━━ Supplied information ━━
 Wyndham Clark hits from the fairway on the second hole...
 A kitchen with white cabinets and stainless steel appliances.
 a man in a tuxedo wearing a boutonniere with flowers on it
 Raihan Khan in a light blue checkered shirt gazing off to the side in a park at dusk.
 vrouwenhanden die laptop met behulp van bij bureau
━━━
Count the lines above that include the string "with". Write only the number.

2